21. In her proposal for a solution, the Ombudsman therefore asked the Commission to review its position with a view to granting the widest possible public access to the documents requested.
22. In reply to the solution proposal,[19] the Commission maintained its position that no further information could be disclosed.
23. The Commission said that the information in the documents originates from a third party and is more detailed than the publicly available information about the project. It restated that the documents concern a deliverable of the NEXT project which was marked ‘confidential’ in the grant agreement. The Commission repeated its arguments from the confirmatory decision that it needed to apply Regulation 1049/2001 “in a way which is consistent with the confidentiality obligations laid down in the grant agreement, read in conjunction with Article 3 of Regulation (EU) No 1290/2013”.
24. The Commission stated that it had in fact concluded that, even if the documents were considered as confidential in the grant agreement, these could not be fully covered by the exception for the protection of commercial interests. This is why it disclosed those parts that did not contain sensitive business information. At the same time, it withheld other parts that could, if disclosed, have undermined the legitimate commercial interests of the third party concerned, such as information about workforce and costs, operational issues, permitting procedures, investments and commercial relations of the third party concerned.
25. The Commission further maintained its assessment that the withheld parts of the documents do not contain environmental information in the sense of the EU Aarhus Regulation.
26. The Commission says that it is unclear how the disclosure of “information about the know-how and the business activity of the company concerned, such as the choice of software, materials and methods used to support research activities, or information on administrative concessions” would qualify as environmental information within the meaning of the Aarhus Regulation. The documents did not concern information such as policies, legislation, programmes, environmental agreements or measures or activities designed to protect elements of the environment.
27. In the Commission’s view, even if the information at stake could be considered environmental information, an overriding public interest in disclosure is deemed to exist only with regard to information about emissions into the environment.[20] It argued that the redacted parts of the document do not contain such information.
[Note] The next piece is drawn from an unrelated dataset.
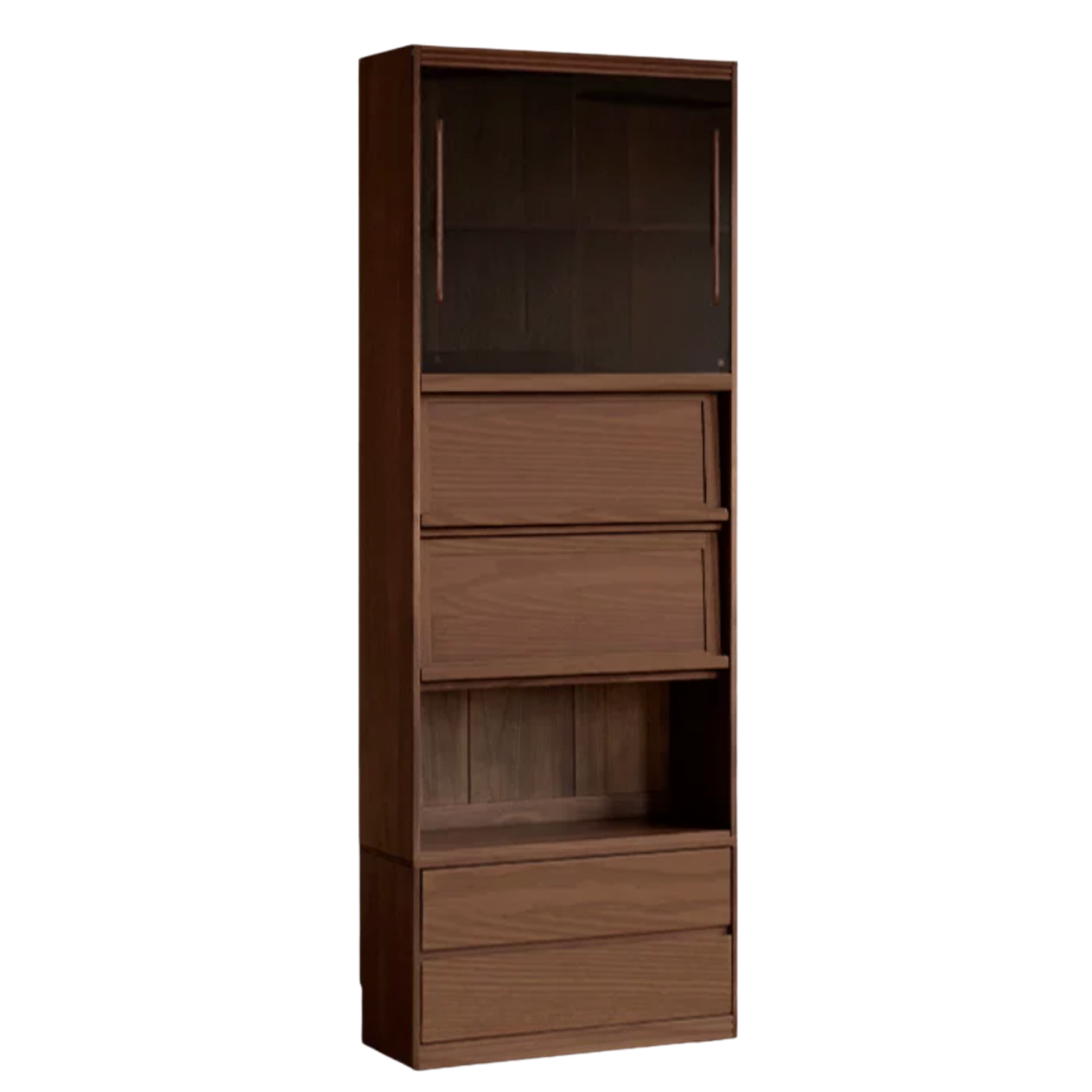 Black Walnut, Oak, Ash Solid Wood Floor-Standing Bookcase with Luxury Storage Cabinet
28. The Commission also recalled that it is for applicants to demonstrate the existence of an overriding public interest in disclosure. In this case, the arguments put forward by the complainant were not considered as sufficient to justify the existence of such interest. The Commission disagrees with the complainant’s claim that the documents “have as their main subject the emissions into the environment from the San Finx mine”.
The Ombudsman's assessment after the proposal for a solution
29. The Ombudsman has carefully examined the Commission’s response and has, on that basis, again reviewed the documents. She agrees with the Commission’s view that the documents do not “have as their main subject the emissions into the environment from the San Finx mine” (emphasis added). The reason such a view can be taken is because, as the Ombudsman understands, the collection of sampling rocks necessary for the NEXT project was done without any pumping or discharge of water.[21] However, the Ombudsman still considers that some limited information in the redacted parts could be understood as relating to ‘emissions into the environment’.
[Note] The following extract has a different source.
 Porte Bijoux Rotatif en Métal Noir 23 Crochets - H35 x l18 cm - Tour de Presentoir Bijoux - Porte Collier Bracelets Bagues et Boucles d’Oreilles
30. In any case, it is clear that the documents contain ‘environmental information’.
31. The Commission’s reply seems to suggest that only “information such as policies, legislation, programmes, environmental agreements or measures or activities designed to protect elements of the environment” fall within the remit of the EU Aarhus Regulation. This is not correct. As pointed out in the solution proposal, the aim of the EU Aarhus Regulation is to ensure the widest possible access also to information concerning factors, such as emissions, and measures, such as activities, affecting or likely to affect elements of the environment, such as air and atmosphere, water, soil, land, landscape and natural sites.[22] In other words, not only measures to protect the environment should benefit from greater transparency, but also, and even more importantly, measures that affect the environment in general.
32. While the NEXT project does not concern mineral extraction (that is, the commercial exploitation of the mine), but rather is a research and innovation project relating to mineral exploration and exploitation, this does not mean that it will not, if carried out, affect the environment.
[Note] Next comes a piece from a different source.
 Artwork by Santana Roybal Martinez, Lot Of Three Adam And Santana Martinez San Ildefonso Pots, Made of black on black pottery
33. In this context, the Ombudsman refers to findings of the Aarhus Convention Compliance Committee, clarifying that mining licences and other mining-related information constitutes ‘environmental information’.[23] As the EU Aarhus Regulation implements the Aarhus Convention,[24] the Committee’s findings are relevant in the context of this case.
34. In view of the above, the Ombudsman disagrees with the Commission’s statement that the documents do not contain ‘environmental information’ within the meaning of the EU Aarhus Regulation. A public interest in accessing such information is therefore deemed to exist and the Commission should have taken this into account in its assessment of the request. This argument was also put forward by the complainant in its confirmatory application.
35. The question remains, however, whether the fact that certain parts in document 1.1 constitute ’environmental information’ is sufficient to establish an overriding public interest in their disclosure. According to Article 6(1) of the EU Aarhus Regulation, the public interest in disclosure is deemed automatically to override the interests in the exceptions set out in the first and third sub-paragraphs of Article 4(2) of Regulation 1049/2001 (including the protection of commercially confidential information) only as regards information relating to emissions into the environment. Any extension of the overriding public interest in disclosure must be based on an individual assessment of the documents and the context.
36. The Ombudsman understands that the complainant is concerned that the implementation of the NEXT project has given rise to mining activities at the San Finx mine, resulting in water being discharged (emissions into the environment) without the necessary permits. If the documents were to contain any information in relation to the complainant’s views, that would certainly be sufficient to establish an overriding public interest in their disclosure. However, the documents do not contain information of this nature.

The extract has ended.